Question

A galvanometer of resistance $50\mathrm{\Omega }$ is connected to a battery of $3\mathrm{V}$ along with a resistance of $2950\mathrm{\Omega }$ in series. A full-scale deflection of $30$ divisions is obtained in the galvanometer. In order to reduce this deflection to $20$ divisions, the resistance in series should be

• A. $6050\mathrm{\Omega }$
• B. $4450\mathrm{\Omega }$
• C. $505\mathrm{\Omega }$
• D. $5550\mathrm{\Omega }$

Answer 1

The correct option is B

$4450\mathrm{\Omega }$

Step 1. Given data

A galvanometer of resistance $50\mathrm{\Omega }$ is connected to a battery of $3\mathrm{V}$ along with a resistance of $2950\mathrm{\Omega }$ in series which is shown in above fiugre. A full-scale deflection of $30$ divisions is obtained in the galvanometer. In order to reduce this deflection to $20$ divisions.
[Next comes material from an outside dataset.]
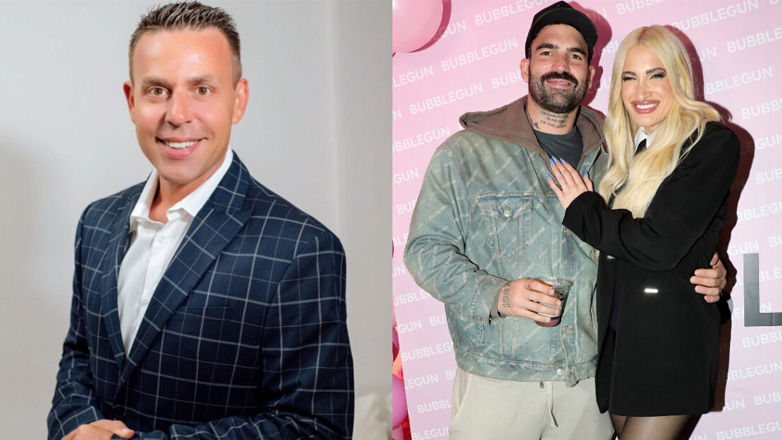 Αναστάσιος Ντούγκας – Δικηγόρος Ιωάννας Τούνη: «Έστελναν στον Δημήτρη Αλεξάνδρου το επίμαχο βίντεο»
We have to find the resistance in series that is to be connected to the above set up such that the deflection for $3\mathrm{V}$ connection across it corresponds to $20$ divisions.

Step 2. Formula to be used.

According to Kirchhoff's law,

If ${\mathrm{V}}_1,{\mathrm{V}}_2,.....{\mathrm{V}}_{\mathrm{n}}$ shows the individual potential difference across them, then by Kirchhoff’s law of voltage we get,
$\mathrm{V}={\mathrm{V}}_1+{\mathrm{V}}_2+.....+{\mathrm{V}}_{\mathrm{n}}$
For the same is the effective resistance in series is $\mathrm{R}$, then current $\mathrm{I}$ in the circuit is given by ohms law i.e.

$\mathrm{V}=\mathrm{IR}$

Step 3. Calculate current and total initial resistance.

Total initial resistance is,

${\mathrm{R}}_{\mathrm{G}}+{\mathrm{R}}_1=50+2950$

$=3000\mathrm{\Omega }$

$\mathrm{\epsilon }=3\mathrm{V}$

Therefore,

Current $=\frac{3\mathrm{V}}{30000\mathrm{\Omega }}$

$=1\times {10}^{-3}\mathrm{A}$

Step 4. The value of current the resistance R to be connected in series.

If the deflection has to be reduced to $20$ divisions, current $\mathrm{i}=1\mathrm{mA}\times \frac{2}{3}$ as full deflection scale for $1\mathrm{mA}$ which is equal to $30$ divisions.

$3\mathrm{V}=3000\mathrm{\Omega }\times 1\mathrm{mA}$

$=x\mathrm{\Omega }\times \frac{2}{3}\mathrm{mA}$

$\Rightarrow$ $\mathrm{x}=3000\times 1\times \frac{3}{2}$

$=4500\mathrm{\Omega }$

But the galvanometer resistance is $50\mathrm{\Omega }$.

So,

The resistance to be added $=\left(4500-50\right)\mathrm{\Omega }$

$=4450\mathrm{\Omega }$

Hence, option $\mathrm{B}$ is correct answer.